## WHAT YOU SHOULD DO
Set down the entries below exactly, leaving out all images.

(EXTRACTED ENTRIES Opens)

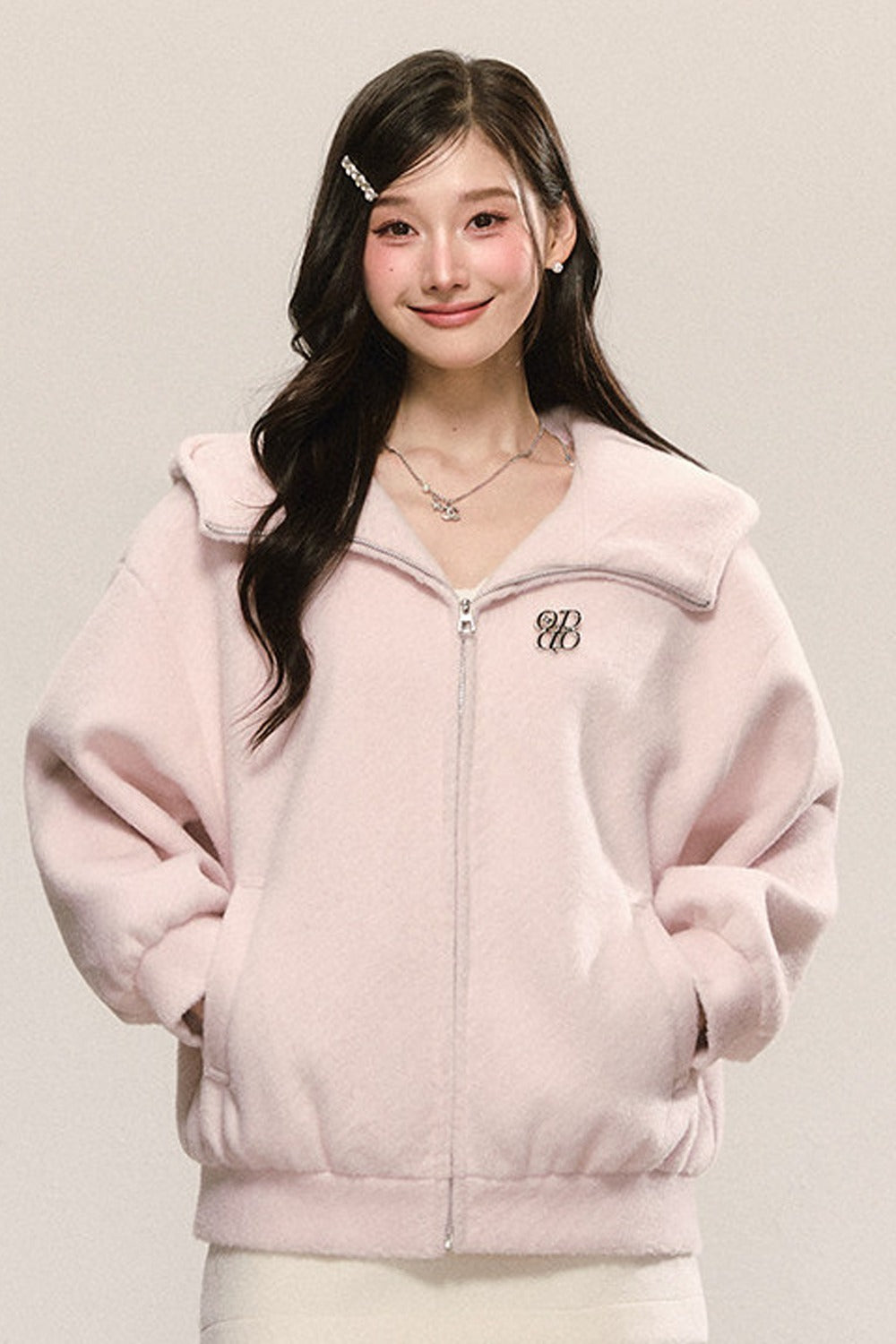 White Looped Wool Hooded Jacket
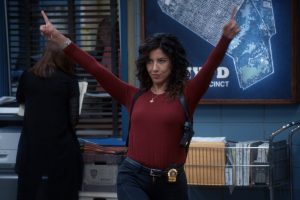 One of the main characters, Rosa Diaz, played by Stephanie Beatriz.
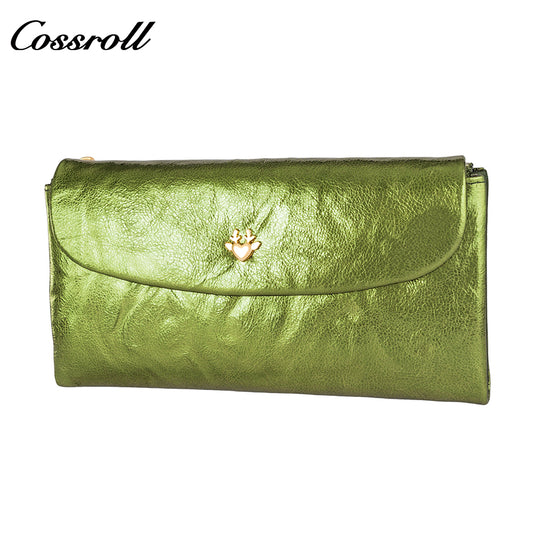 Long Genuine Leather Wallet Head Layer Cowhide Glossy Pattern Clutch Women's Purse Customized
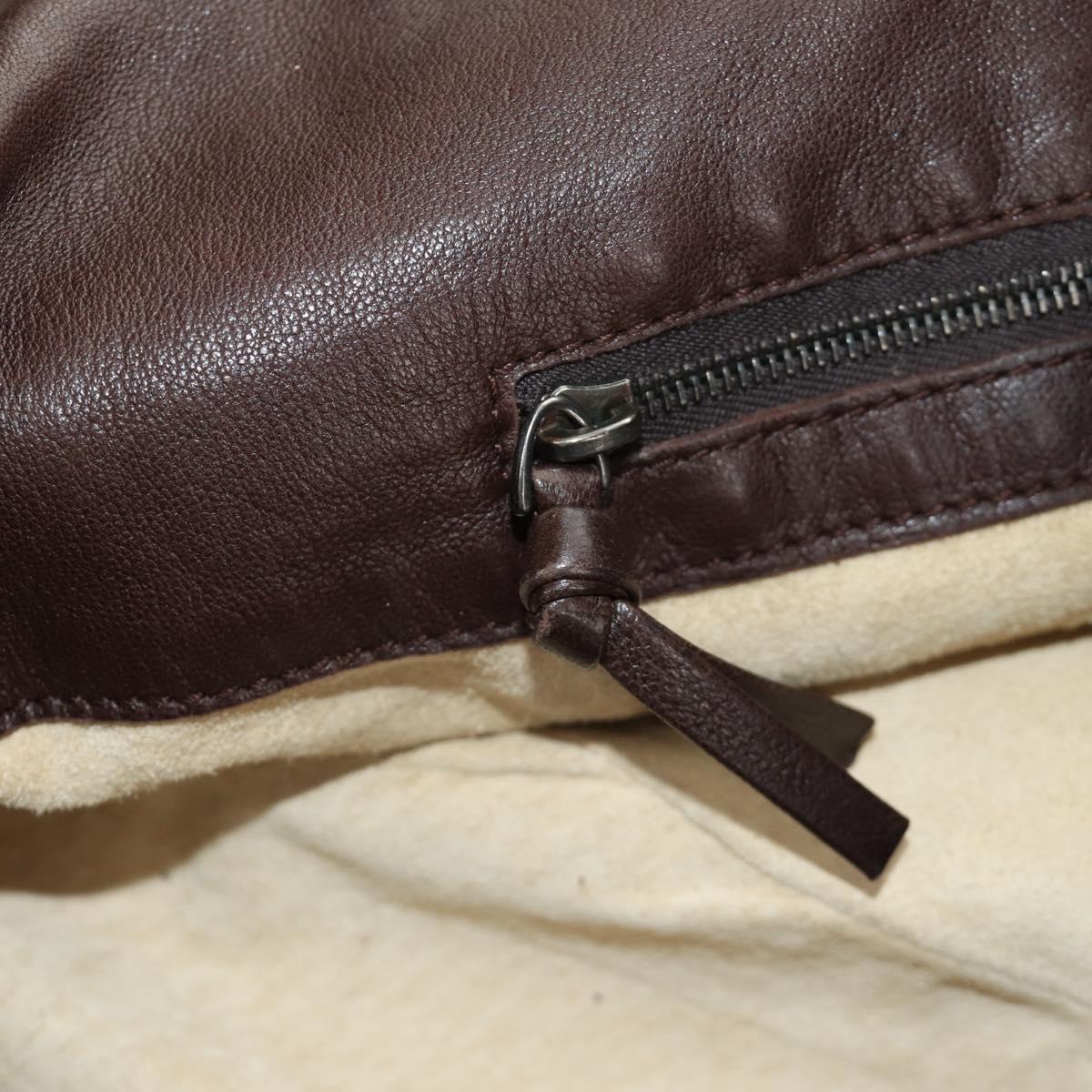 BOTTEGA VENETA INTRECCIATO Campana Shoulder Bag Leather Brown Auth 185326M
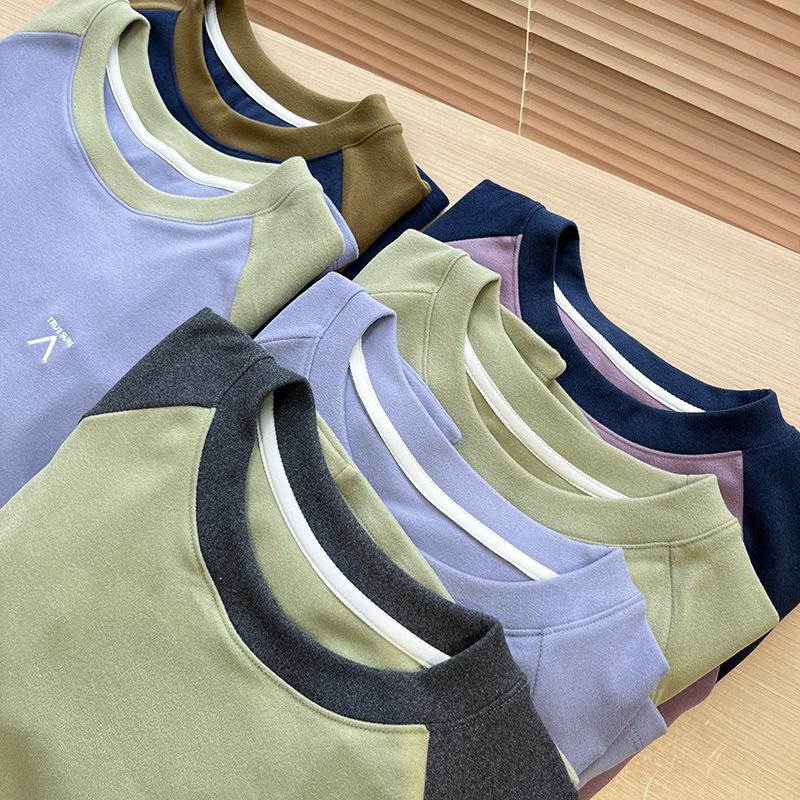 Unisex Outdoor Lightweight Color-Block Patchwork Round Neck Long Sleeve Fleece Base Layer T-Shirt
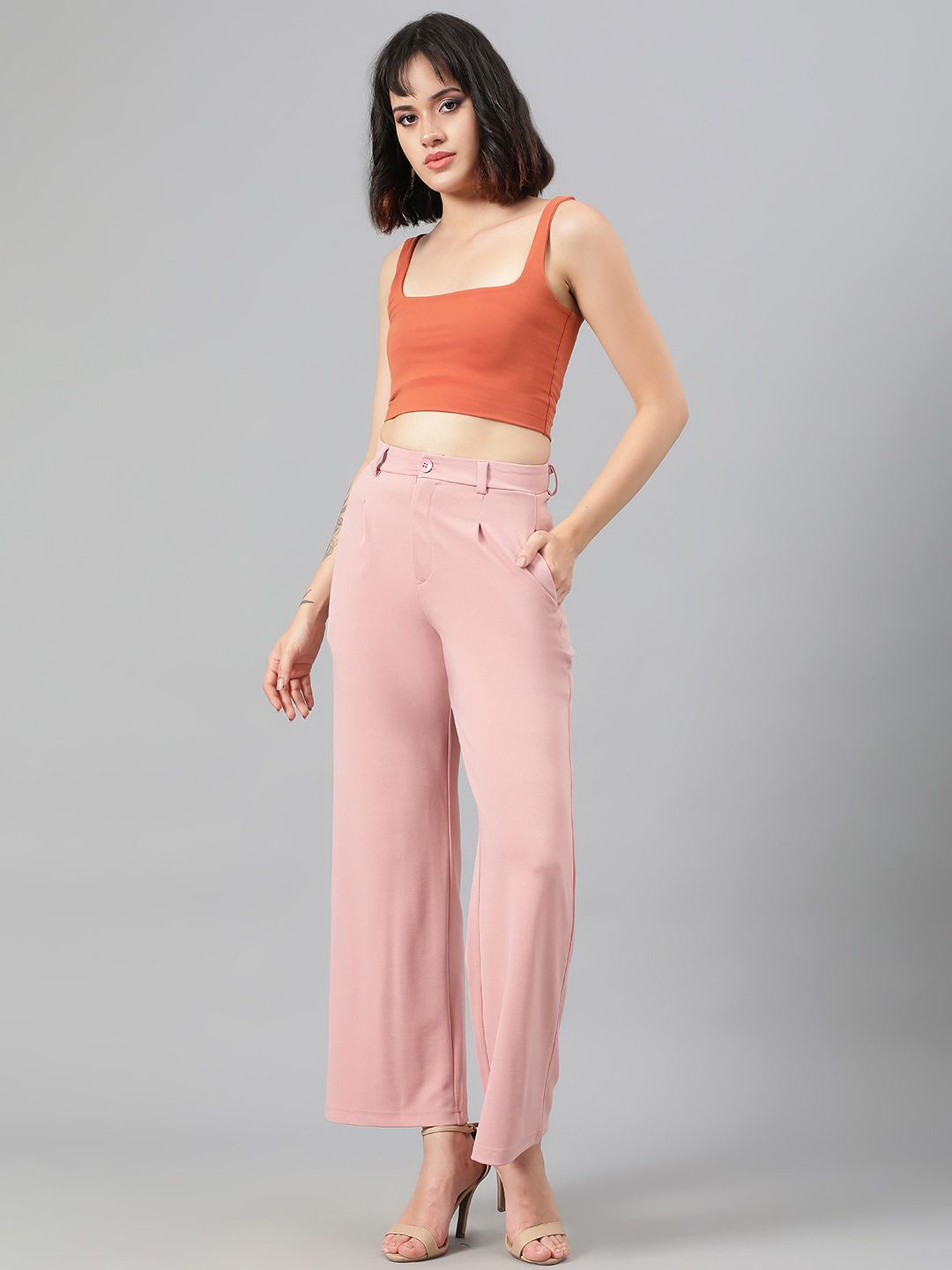 KOTTY BIZwear Women Pink Relaxed Straight Leg Fit High-Rise Easy Wash Parallel Trousers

(EXTRACTED ENTRIES Closes)

## OUTPUT
 White Looped Wool Hooded Jacket
 One of the main characters, Rosa Diaz, played by Stephanie Beatriz.
 Long Genuine Leather Wallet Head Layer Cowhide Glossy Pattern Clutch Women's Purse Customized
 BOTTEGA VENETA INTRECCIATO Campana Shoulder Bag Leather Brown Auth 185326M
 Unisex Outdoor Lightweight Color-Block Patchwork Round Neck Long Sleeve Fleece Base Layer T-Shirt
 KOTTY BIZwear Women Pink Relaxed Straight Leg Fit High-Rise Easy Wash Parallel Trousers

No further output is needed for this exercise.